And then when you have the secretary of state and the secretary of defense both saying something similar, the secretary of state being a little more diplomatic, and the secretary of defense being a little more direct, but all buttressing what the president said, that's all power information.

And then the second order benefit is, you know, just on CNN an hour ago, you had an analyst laying out all of our offensive capabilities and all of our defensive capabilities. I can promise you that the North Koreans that have televisions are watching that, because we get this second order benefit of the president saying, hey, we are strong as well. And, you know, how many missile tests should we allow North Korea to take? How many nuclear weapons should we allow North Korea to have? And how much threats should we allow against the United States from this rogue regime that's has expressed intent and now has the ability to harm our nation?

I think the president is right to synchronize these elements of power. And as you mentioned, there's been no combatant evacuation. There's been no deployment of troops. So, right now, I think it's in the application of elements of power stage --


TATA: -- where we are trying to leave the golden bridge for Kim Jong- un to walk across into the land of diplomacy.

COOPER: Kim, Kim Dozier, I mean, do you see a strategy behind the president making a particular kind of comments and then the secretary of state and secretary of defense sort of following it up with -- I don't know if more measured is the word or -- but slightly coming at it from a different angle?

KIMBERLY DOZIER, CNN GLOBAL AFFAIRS ANALYST: Well, simplistically, you've got a good cop, bad cop scheme going on. But I think what you're also seeing, as to borrow the synchronization example, is the synchronization of the national security team around whatever President Trump says.

[20:10:00] They are learning to use his willingness to use bellicose rhetoric to their advantage, by having Tillerson message that there is a way out of this but having Mattis back up some of the president's threats, the message is meant to sort of break this logjam in North Korea.

Everything the U.S. has tried to do over the past couple of decades hasn't stopped them from moving forward on nuclear development, nuclear weapons development. The last time we saw some sort of break in this was back in 2003, after George W. Bush called them part of the Axis of Evil, then you saw Six-Party Talks leveraged by China.

I think that's what they're trying to produce right now is enough pressure on Beijing that they'll take this so seriously, they go to Pyongyang and say, you're running out of chances here.

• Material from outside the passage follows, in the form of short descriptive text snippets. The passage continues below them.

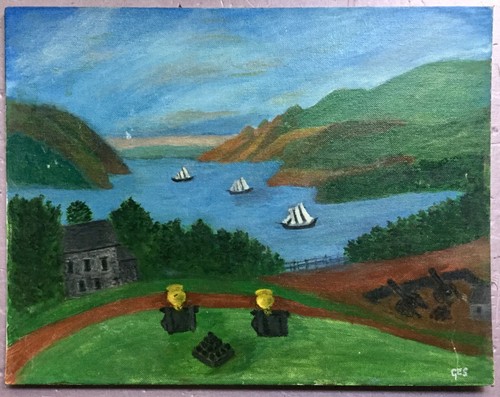 Great vintage fort lake - vintage,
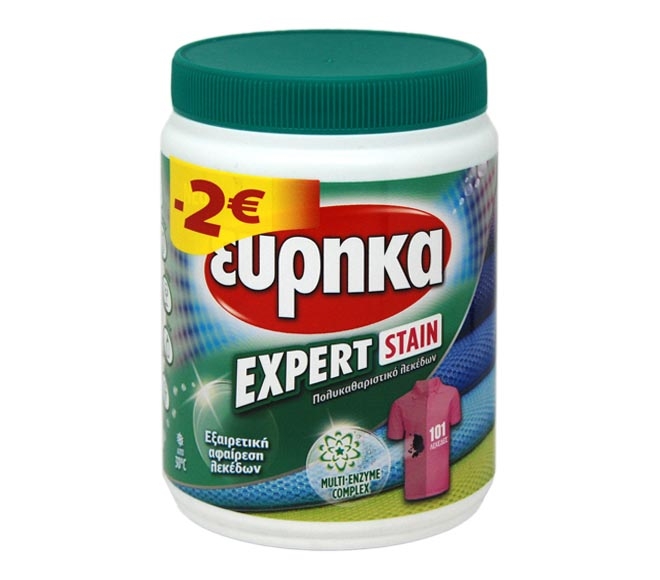EUREKA expert stain 400g (€2 LESS)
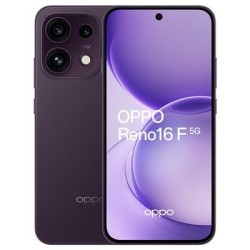 OPPO Reno16 F 5G 8+256GB, tumelilla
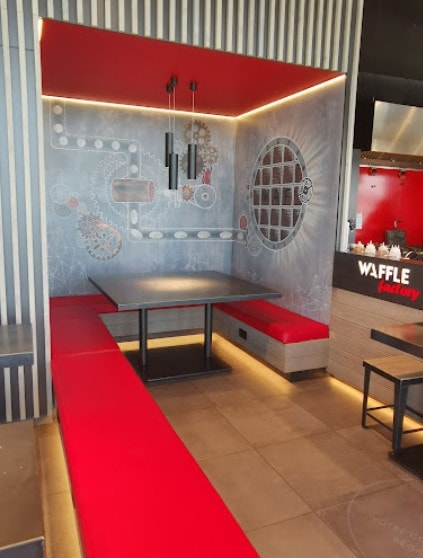 Waffle factory — photo 3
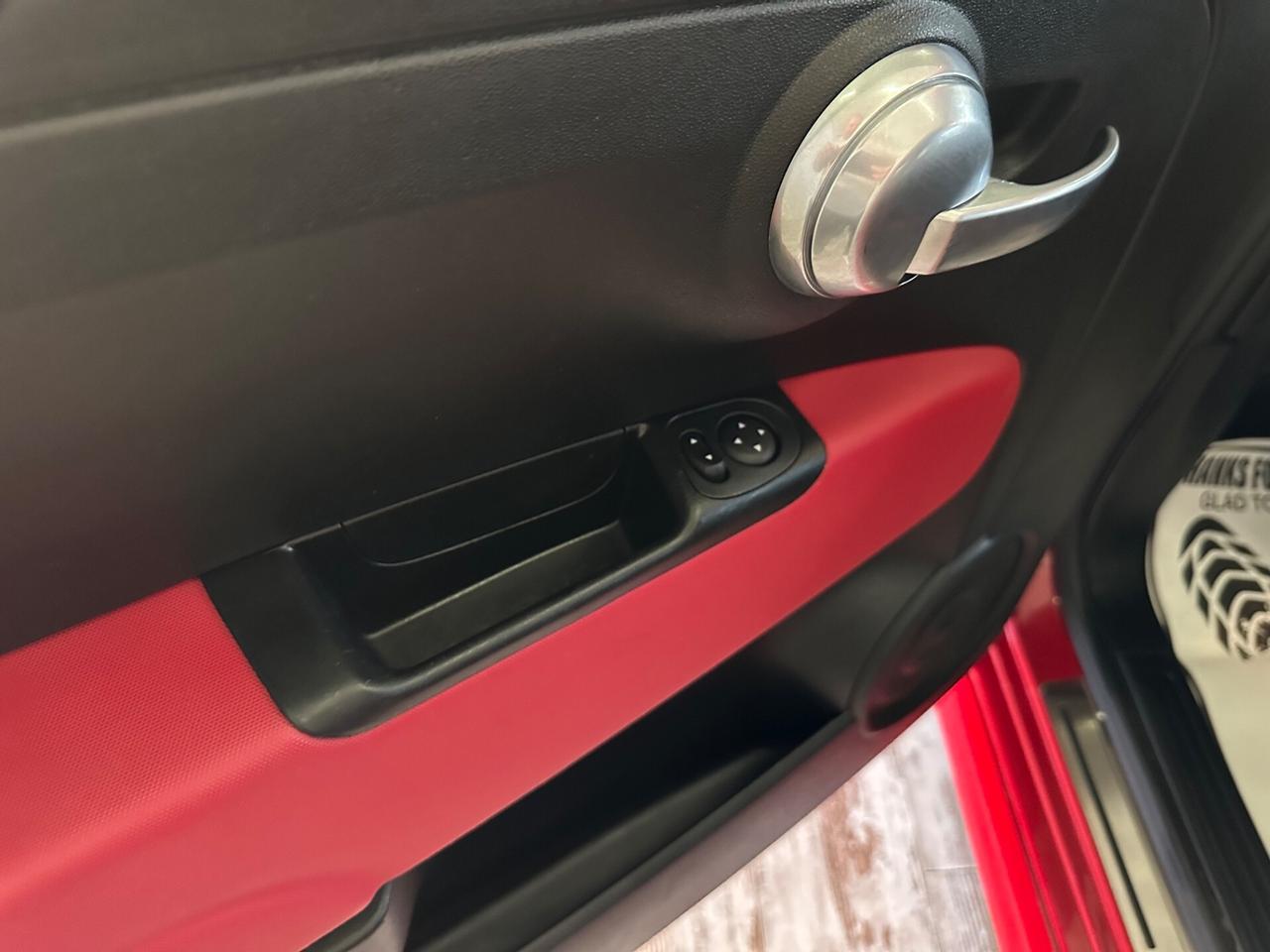 Fiat 500 1.2 benzina “S” Ok neopatentati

COOPER: Peter, how much of the U.S. language on this is, do you think, directed towards China?

PETER FEAVER, FORMER SENIOR NSC OFFICIAL: I think a lot of it. They clearly have a diplomatic strategy, and that requires that China ratchet up the pressure on North Korea.

I'm not sure I agree with your other guests that they have a cleanly synchronized messaging strategy. I think this White House is still struggling to get everyone singing on the same sheet of music, even if they're singing different parts. And they don't have a Ben Rhodes kind of figure who in the Obama administration delivered talking points for everyone to speak, that were tightly coordinated.

We're not seeing that yet, and the evidence of that is things like the Venezuela comment, which was distracting and then interrupting whatever was the focus of the message on North Korea.

DOZIER: I've got to agree. Maybe it's not synchronization, but they're pivoting a little faster than they have in previous weeks. I think they're getting better at reacting to him, and pretending they planned this all along.

COOPER: Colonel Francona, what's interesting is a lot of the threats that the president has been making is talking about threats. In the previous days, it was North Korea shouldn't make any more threats against the U.S., and there were questions like, well, did he mean just rhetorical threats or was it actual action?

He now has made it clear that it was -- they shouldn't speak any more threats. And then even today he sort of made it, well, Kim Jong-un himself should not make any direct threat.

LT. COL. RICK FRANCONA (RET.), U.S. AIR FORCE: Yes. You know, we've seen a whole change in the rhetoric coming out of North Korea, as well. I think the rhetoric coming out of the White House, you know, this bellicose rhetoric from the president, followed up by what I consider a very strong message from Secretary Mattis, and even the more diplomatic talk from Rex Tillerson, I think it's had a real impact in Pyongyang.

We've seen the North Koreans react differently to this level of bellicose rhetoric with that -- it wasn't really a threat against Guam. It was saying we're developing a plan by which we could strike Guam and we're going to present that to the commander in chief, if he wants to exercise that. Much, you know, analogous to the U.S. defense department preparing plans to strike Korea, you know, giving the president an option. But we never saw the detail that the North Koreans ever reached.

I think they've been shaken by the rhetoric coming out of Washington, and I don't think they know what to make of it. So, I think it's had that positive effect. But we have to make sure, and I think not raising the DefCon status, not deploying more troops and not evacuating nonessential personnel, it just -- it keeps it a little lower volume because once you see those steps, things are probably going to happen.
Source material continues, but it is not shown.